- [Exercise instructions] Write out exactly the lines from the one holding "knee boots winter" to the last line of the entries, both ends included and nothing else, without the pictures.

****************************************

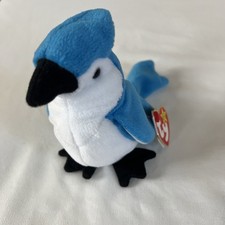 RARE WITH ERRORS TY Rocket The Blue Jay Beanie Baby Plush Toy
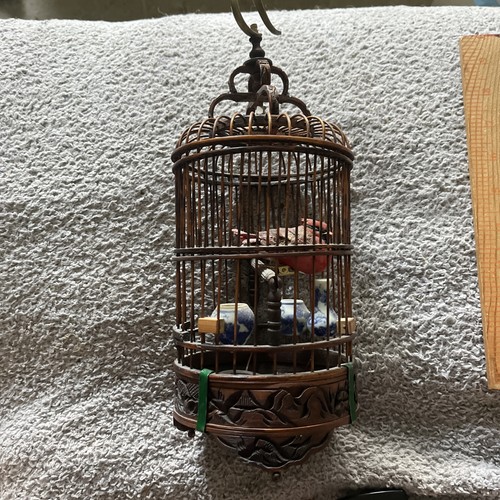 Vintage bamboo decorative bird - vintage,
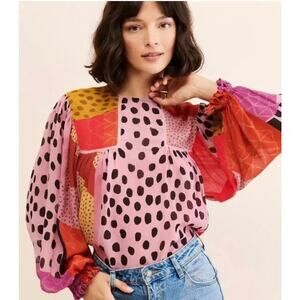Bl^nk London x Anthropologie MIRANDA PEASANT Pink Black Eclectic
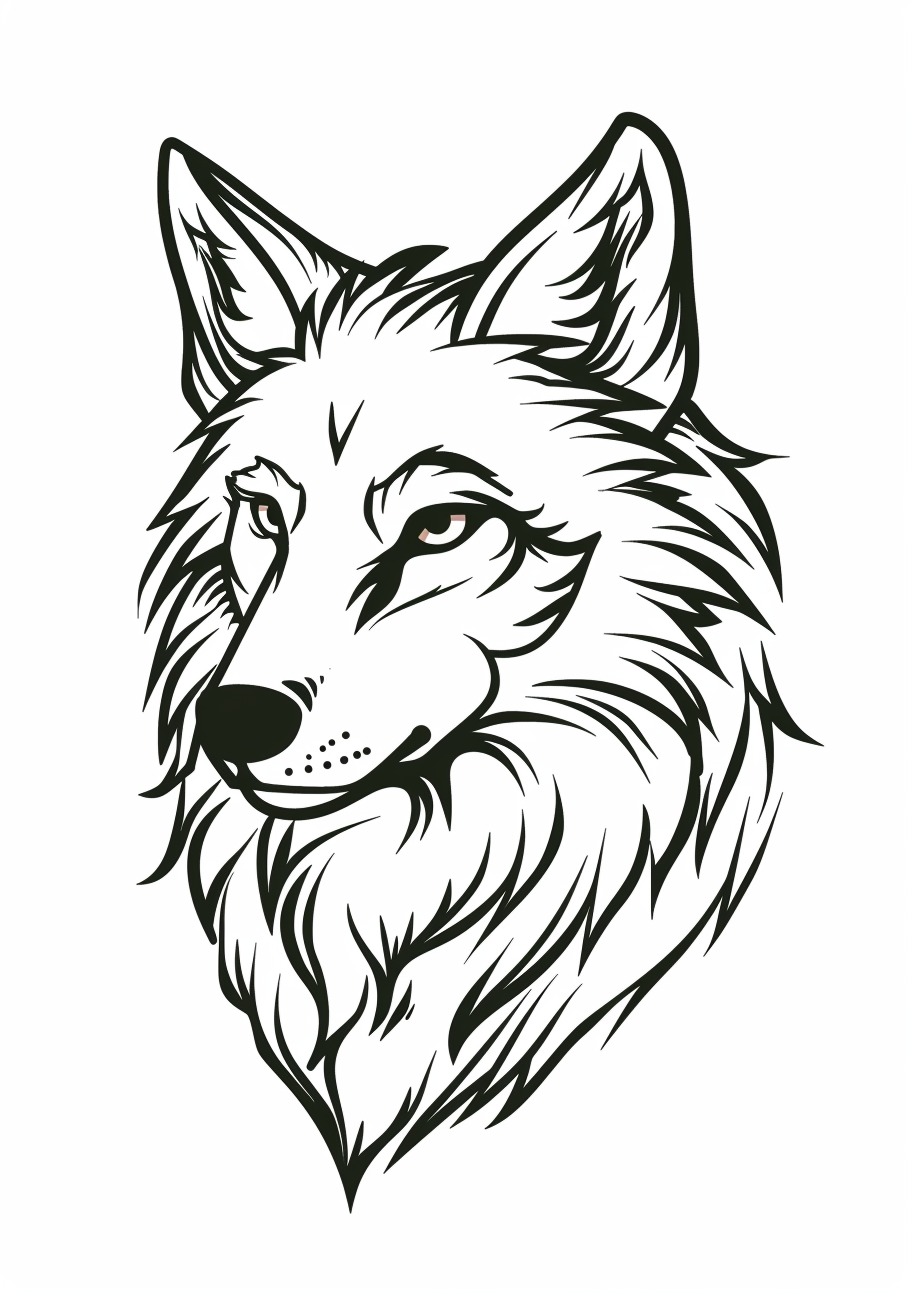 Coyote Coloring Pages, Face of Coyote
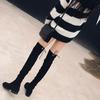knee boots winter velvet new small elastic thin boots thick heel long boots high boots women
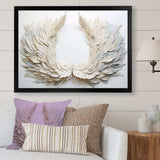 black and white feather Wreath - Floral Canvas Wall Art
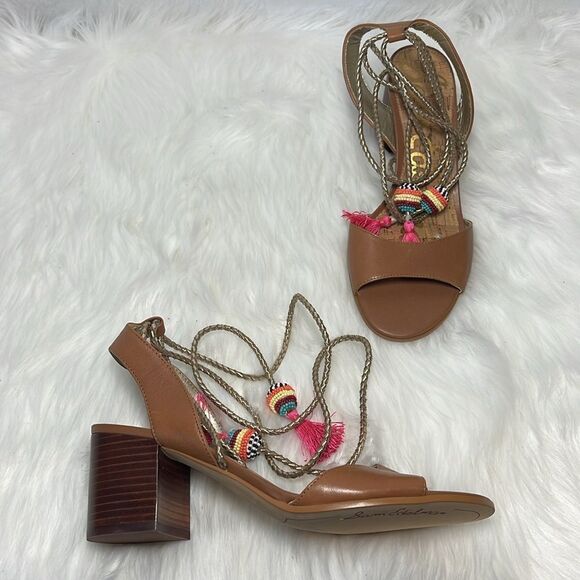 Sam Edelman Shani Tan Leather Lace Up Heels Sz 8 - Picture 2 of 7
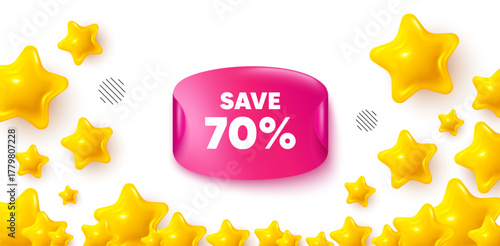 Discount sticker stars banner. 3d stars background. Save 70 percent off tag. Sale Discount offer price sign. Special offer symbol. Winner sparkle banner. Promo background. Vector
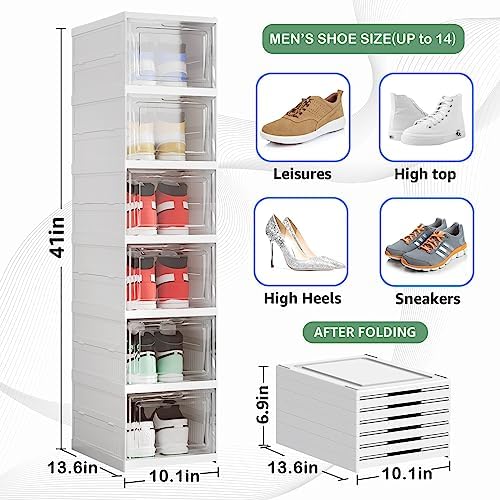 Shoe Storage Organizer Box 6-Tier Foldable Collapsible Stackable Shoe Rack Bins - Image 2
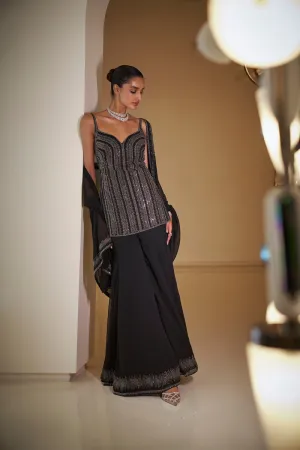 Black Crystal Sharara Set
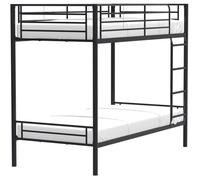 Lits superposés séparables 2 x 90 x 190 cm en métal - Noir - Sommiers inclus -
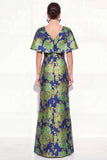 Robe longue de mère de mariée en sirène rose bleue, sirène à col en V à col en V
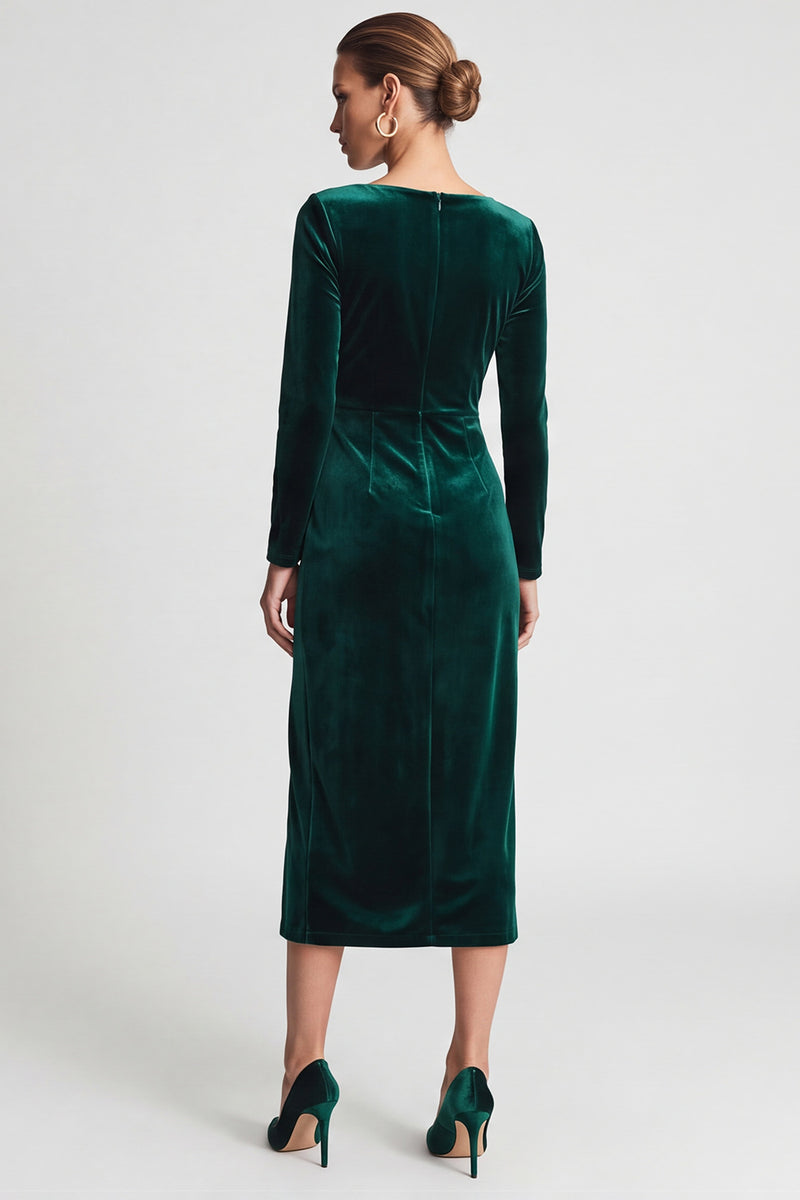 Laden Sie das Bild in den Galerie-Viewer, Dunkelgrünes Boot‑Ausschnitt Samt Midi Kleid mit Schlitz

****************************************

- [Written response]
knee boots winter velvet new small elastic thin boots thick heel long boots high boots women
 black and white feather Wreath - Floral Canvas Wall Art
 Sam Edelman Shani Tan Leather Lace Up Heels Sz 8 - Picture 2 of 7
 Discount sticker stars banner. 3d stars background. Save 70 percent off tag. Sale Discount offer price sign. Special offer symbol. Winner sparkle banner. Promo background. Vector
 Shoe Storage Organizer Box 6-Tier Foldable Collapsible Stackable Shoe Rack Bins - Image 2
 Black Crystal Sharara Set
 Lits superposés séparables 2 x 90 x 190 cm en métal - Noir - Sommiers inclus -
 Robe longue de mère de mariée en sirène rose bleue, sirène à col en V à col en V
 Laden Sie das Bild in den Galerie-Viewer, Dunkelgrünes Boot‑Ausschnitt Samt Midi Kleid mit Schlitz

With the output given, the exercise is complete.